There are no effective medical measures to prevent CPP crystal accumulation in tissues or to eliminate them because much of the pathogenesis of CPPD deposition remains unclear. Oral colchicine tablets, NSAIDs, and local steroid injections may help control the symptoms. Chollet-Janin and colleagues reported that using 5–10mg of methotrexate (MTX) weekly could improve chronic CPPD.18 Pascual’s laboratory also suggested that MTX might be beneficial for older patients with seronegative symmetrical polyarthritis showing chondrocalcinosis or CPP crystals.19 CPP and uric crystals can activate NLRP3 inflammasome, therefore promoting IL-1β secretion. Hence, IL-1β inhibitors may be used in treating CPP patients. Anakinra is an example of an IL-1β inhibitor, which has a good response in acute gouty attacks and could be chosen to treat CPPD in selected cases.20,21 Another drug known as Tocilizumab is an immunosuppressive remedy that acts on the interleukin-6 receptor (IL-6R) to antagonize humanized monoclonal antibodies. This novel medication is often the recipe for rheumatoid arthritis (RA) and systemic juvenile idiopathic arthritis. It appears to be another efficacious and useful option in the treatment of CPPD.22

Conclusion

Spinal extradural tumor with rim enhancement has overlapped arguments as delineated in our report. The radiographical MRI in the current case showed one large cyst and a smaller one behind the other.
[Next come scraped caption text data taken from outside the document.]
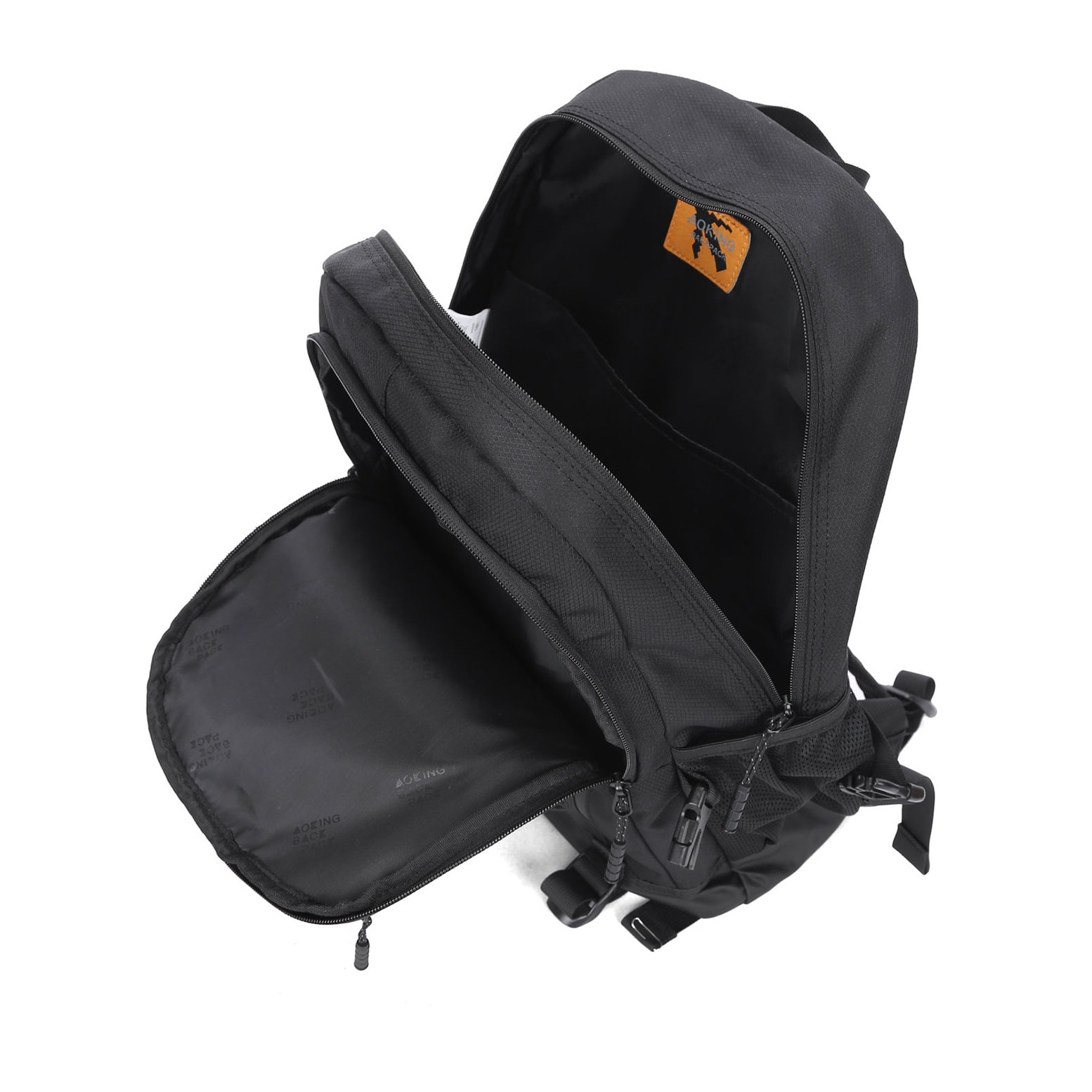 Zaino unisex Brescia - Poliestere - Casual - 33.0 x 14.0 x 46.0 cm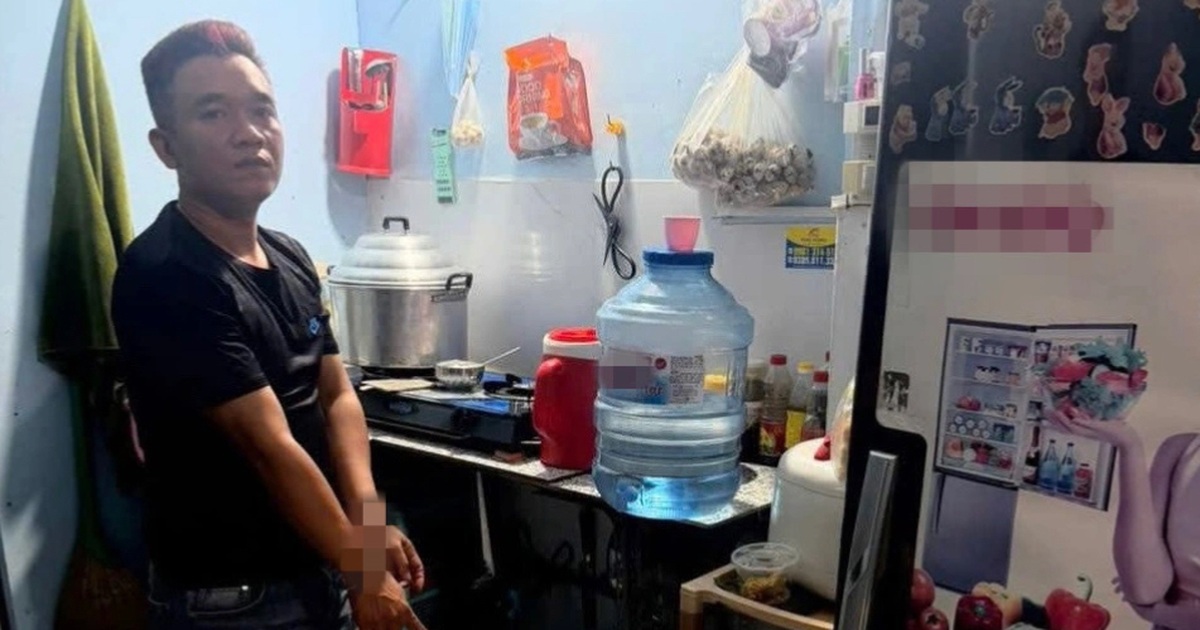 Bắt giữ gã đàn ông cướp giật sợi dây chuyền 3 chỉ ở TPHCM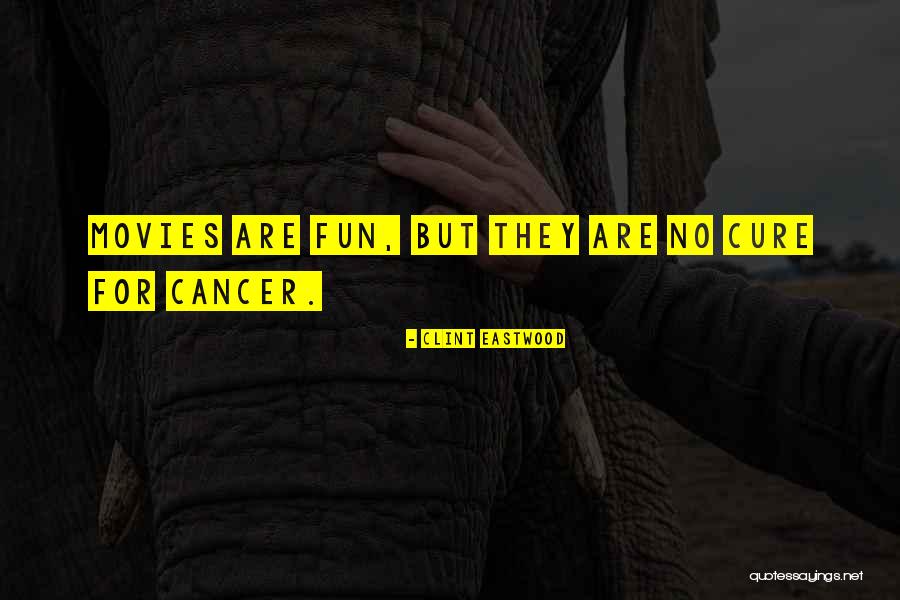 Garantissent Quotes By Clint Eastwood Garantissent Quotes By Clint Eastwood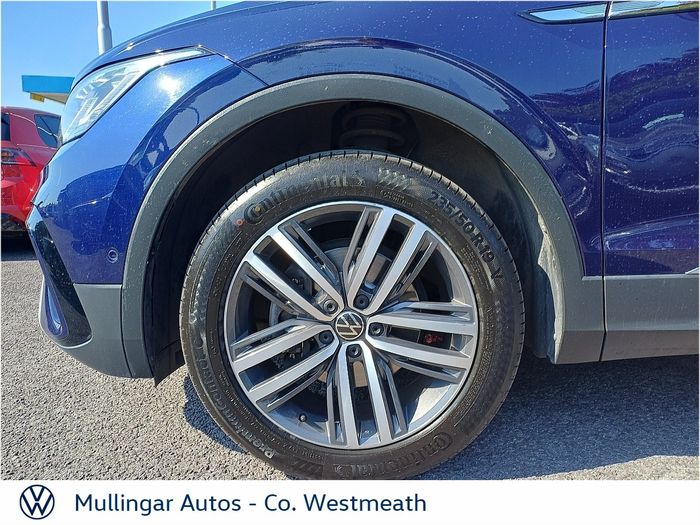 Volkswagen Tiguan Allspace 2023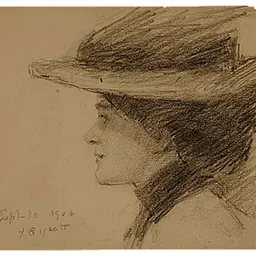 Portrait of Mary Fanton Roberts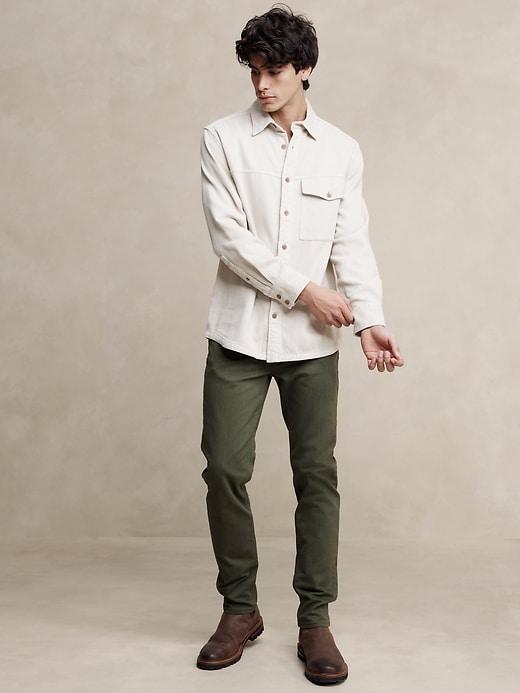 Slim Travel Jean Product Image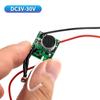 DIY Low Voltage Sound Light Control Sensor DC 3V-30V LED Driver Switch Module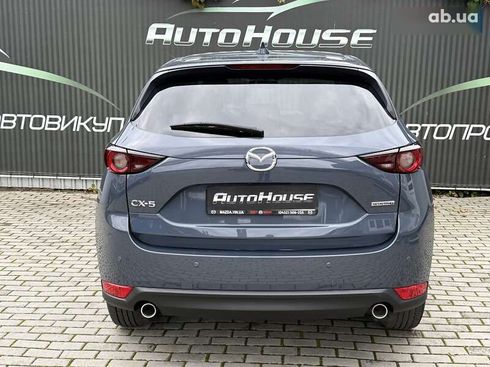 Mazda CX-5 2021 - фото 19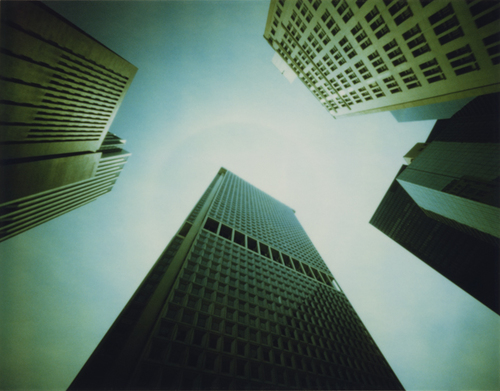 Downtown Halo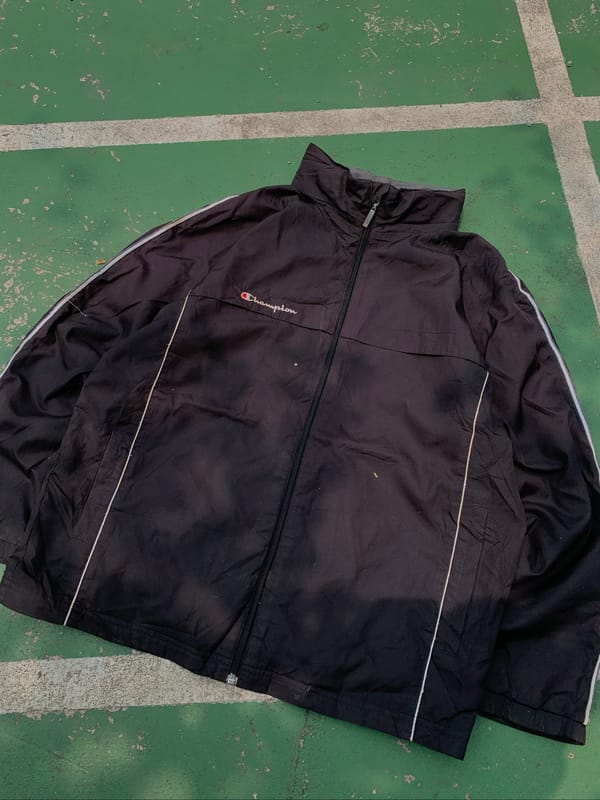 Champion Hooded Sport Jacket, foto 4
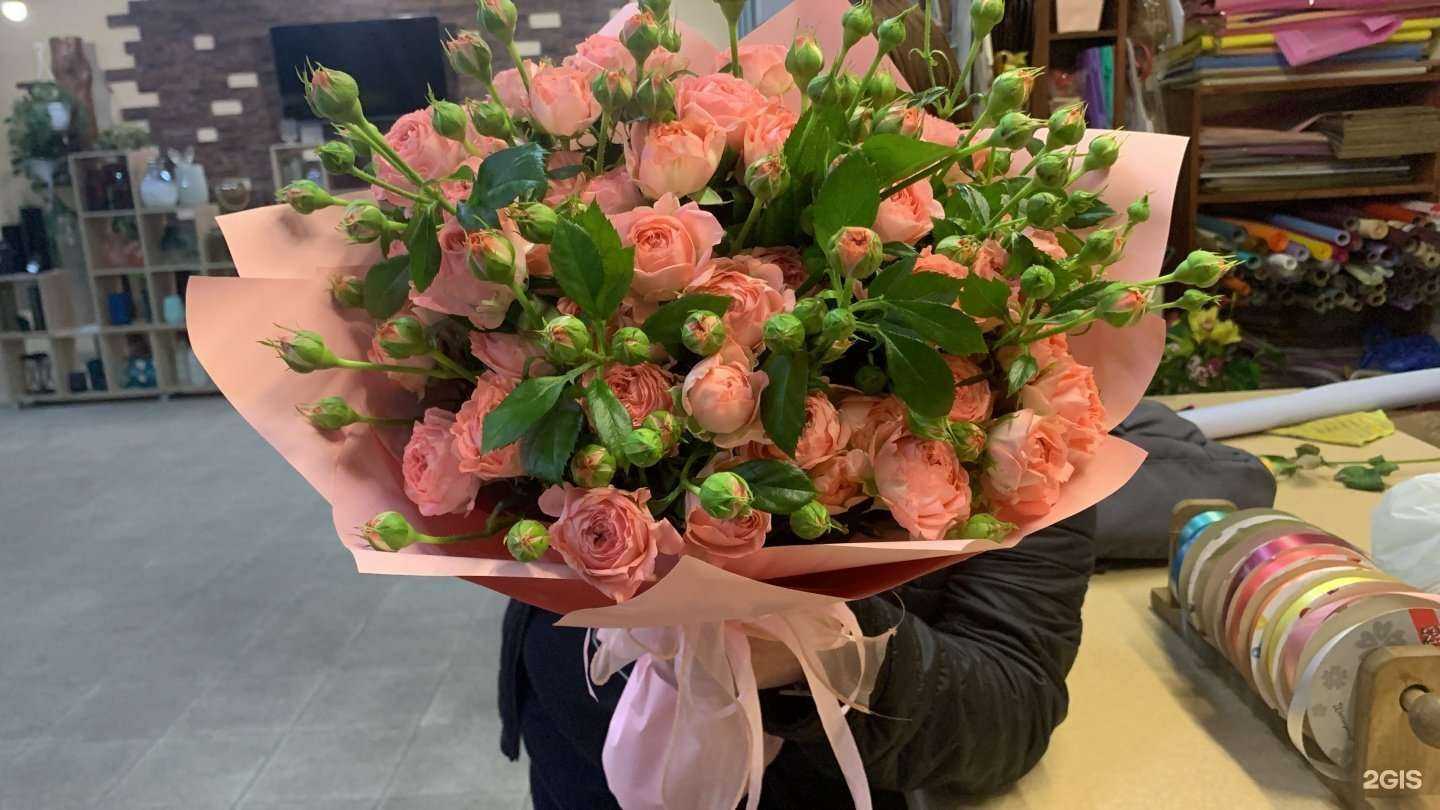 Отзывы на компанию Цветочек в Красногорске c фото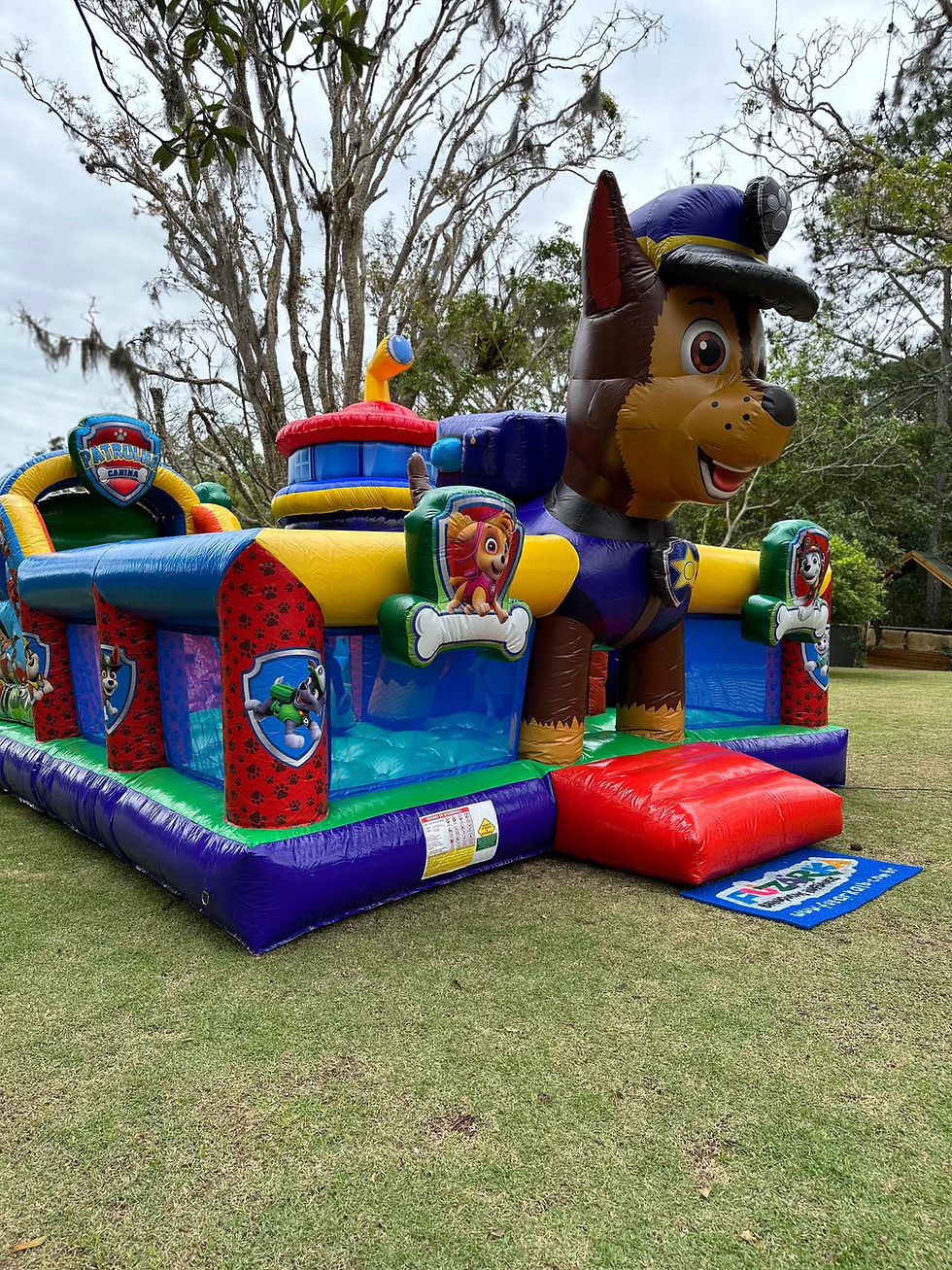 Miniatura: Multi Play Patrulha Canina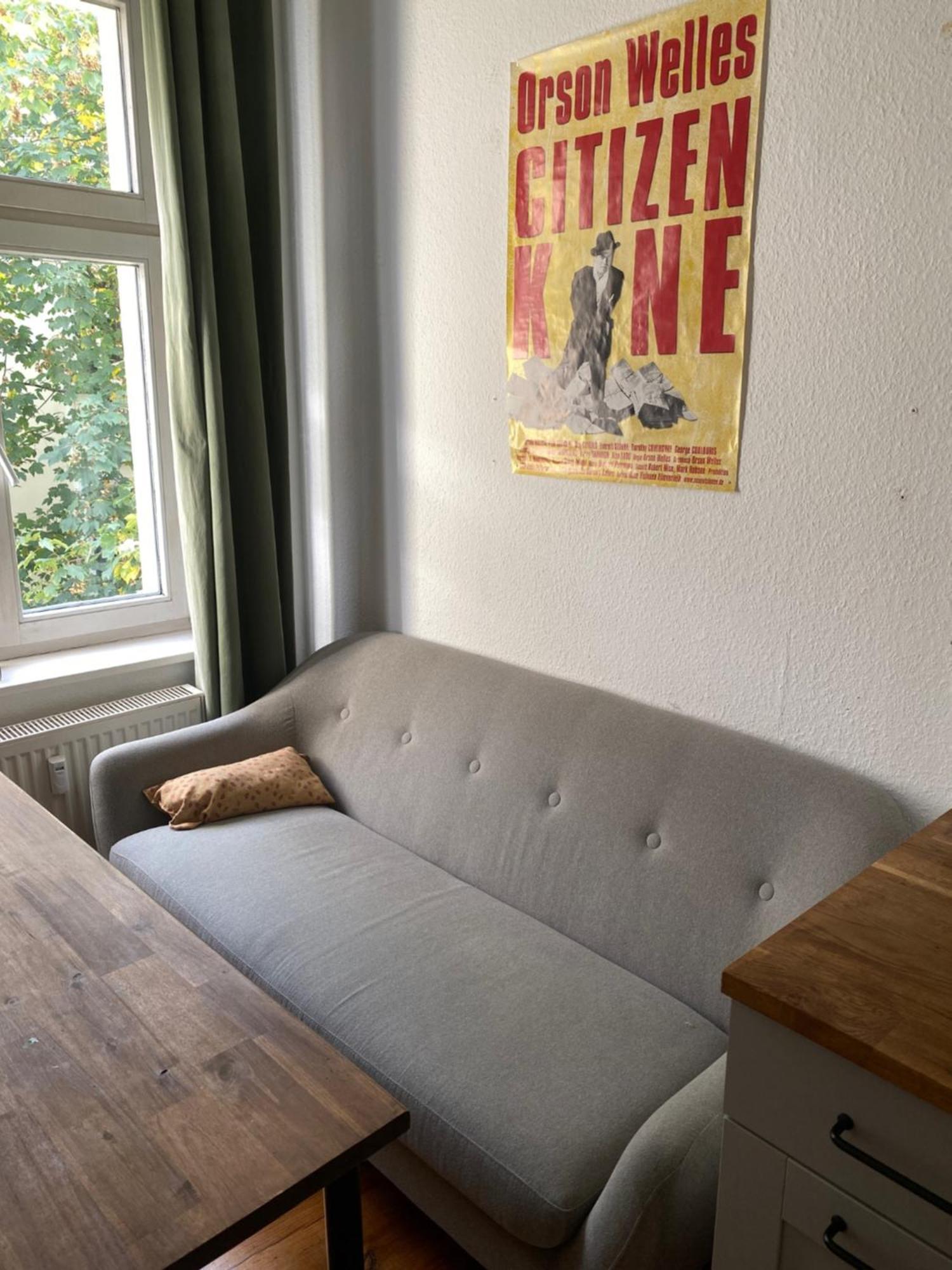 Appartement Atelier - Prenzlberg à Berlin Extérieur photo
We present the rare occurrence of pseudogout mimicking lumbar juxta-facet cysts preoperatively. We recommend surgical decompression in symptomatic cases accompanied by nerve root and/or thecal sac compression. This case report raises awareness of CPPD as a cause of axial symptoms. The discovery of chondrocalcinosis should raise the suspicion of pseudogout or secondary osteoarthritis in an appropriate clinical setting. Additionally, in young patients, clinicians should be reminded of the possibility of related metabolic diseases.

Ethical Approval

Written informed consent for publication has been obtained from the patient. Approval from the institutional of Taipei Tzu Chi Hospital, Buddhist Tzu Chi Medical Foundation review board and ethics committee was obtained for the study (Protocol No.: 10-CR-015).

Funding

There is no funding to report.

Disclosure

The authors report no conflicts of interest in this work.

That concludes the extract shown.